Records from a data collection
——
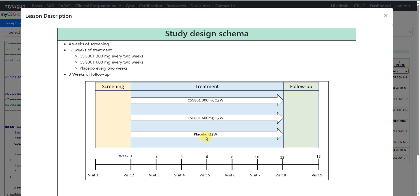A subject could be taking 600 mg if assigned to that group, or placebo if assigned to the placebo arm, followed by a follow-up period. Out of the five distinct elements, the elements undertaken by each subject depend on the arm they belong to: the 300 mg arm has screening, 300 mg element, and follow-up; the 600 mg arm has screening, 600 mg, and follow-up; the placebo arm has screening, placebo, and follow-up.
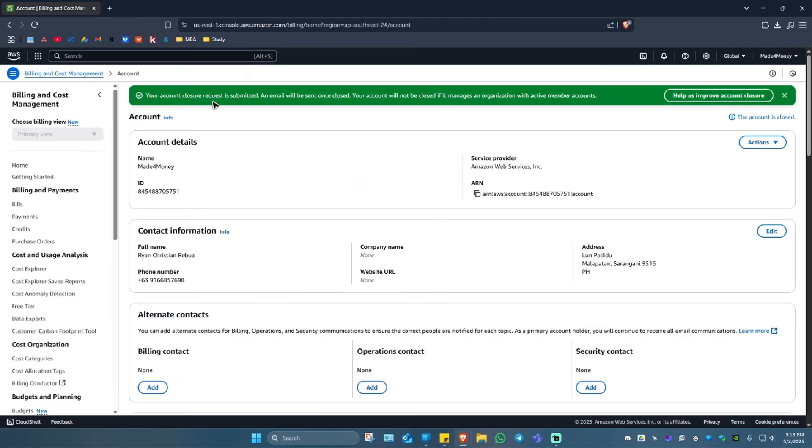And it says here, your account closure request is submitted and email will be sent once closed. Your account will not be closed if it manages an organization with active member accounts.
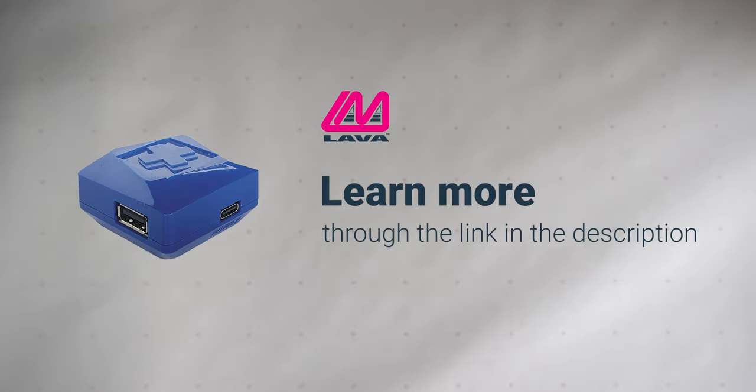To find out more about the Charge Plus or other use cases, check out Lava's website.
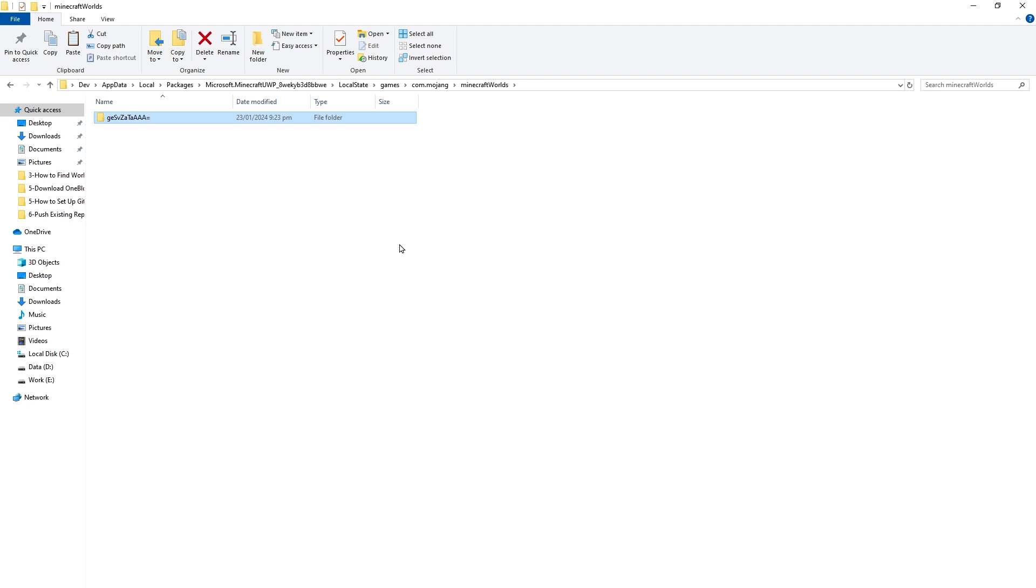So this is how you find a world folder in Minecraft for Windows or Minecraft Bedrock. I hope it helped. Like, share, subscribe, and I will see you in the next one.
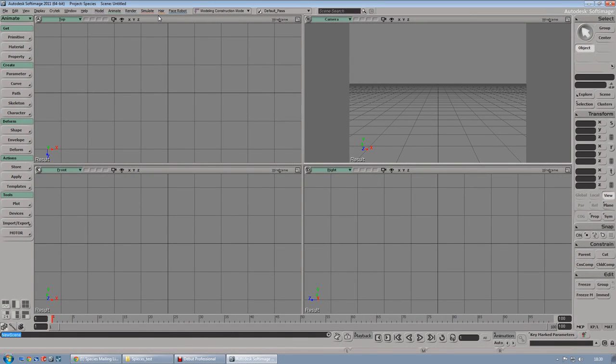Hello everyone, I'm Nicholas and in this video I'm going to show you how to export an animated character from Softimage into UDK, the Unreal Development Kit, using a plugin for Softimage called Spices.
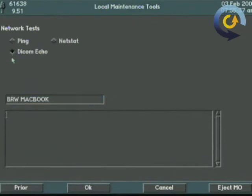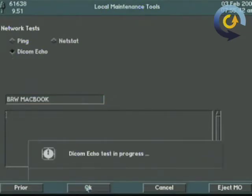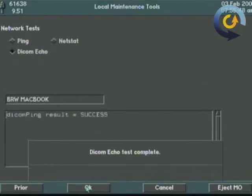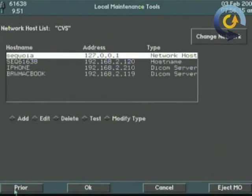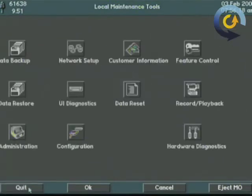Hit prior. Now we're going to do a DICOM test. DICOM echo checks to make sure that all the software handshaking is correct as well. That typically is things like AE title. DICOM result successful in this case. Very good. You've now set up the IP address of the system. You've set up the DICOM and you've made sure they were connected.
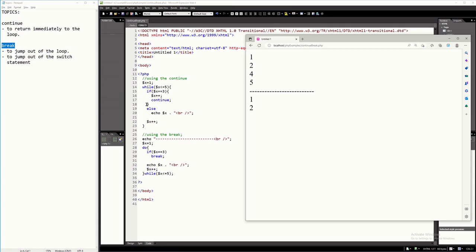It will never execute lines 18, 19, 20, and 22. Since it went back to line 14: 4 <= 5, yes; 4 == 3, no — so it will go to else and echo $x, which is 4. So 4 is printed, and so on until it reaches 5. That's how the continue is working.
——
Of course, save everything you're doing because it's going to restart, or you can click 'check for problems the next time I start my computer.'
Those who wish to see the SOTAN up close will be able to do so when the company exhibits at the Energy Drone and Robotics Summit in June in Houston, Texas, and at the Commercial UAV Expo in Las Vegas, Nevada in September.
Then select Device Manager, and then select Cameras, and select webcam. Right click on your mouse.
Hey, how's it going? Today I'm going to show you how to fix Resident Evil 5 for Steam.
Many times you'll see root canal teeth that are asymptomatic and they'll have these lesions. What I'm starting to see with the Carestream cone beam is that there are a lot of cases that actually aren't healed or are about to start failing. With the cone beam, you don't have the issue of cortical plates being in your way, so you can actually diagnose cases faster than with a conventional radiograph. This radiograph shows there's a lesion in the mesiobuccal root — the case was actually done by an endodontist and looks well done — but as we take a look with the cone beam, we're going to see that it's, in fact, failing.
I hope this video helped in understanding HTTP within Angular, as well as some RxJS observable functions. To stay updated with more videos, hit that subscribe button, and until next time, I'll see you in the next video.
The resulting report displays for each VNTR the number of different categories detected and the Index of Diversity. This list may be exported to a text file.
——
§ EXERCISE DESCRIPTION
Starting with the line above that holds "Hey, how's it" and stopping with the line that holds "The resulting report", reproduce each line exactly, omitting all other lines.

§ ANSWER AREA
Hey, how's it going? Today I'm going to show you how to fix Resident Evil 5 for Steam.
Many times you'll see root canal teeth that are asymptomatic and they'll have these lesions. What I'm starting to see with the Carestream cone beam is that there are a lot of cases that actually aren't healed or are about to start failing. With the cone beam, you don't have the issue of cortical plates being in your way, so you can actually diagnose cases faster than with a conventional radiograph. This radiograph shows there's a lesion in the mesiobuccal root — the case was actually done by an endodontist and looks well done — but as we take a look with the cone beam, we're going to see that it's, in fact, failing.
I hope this video helped in understanding HTTP within Angular, as well as some RxJS observable functions. To stay updated with more videos, hit that subscribe button, and until next time, I'll see you in the next video.
The resulting report displays for each VNTR the number of different categories detected and the Index of Diversity. This list may be exported to a text file.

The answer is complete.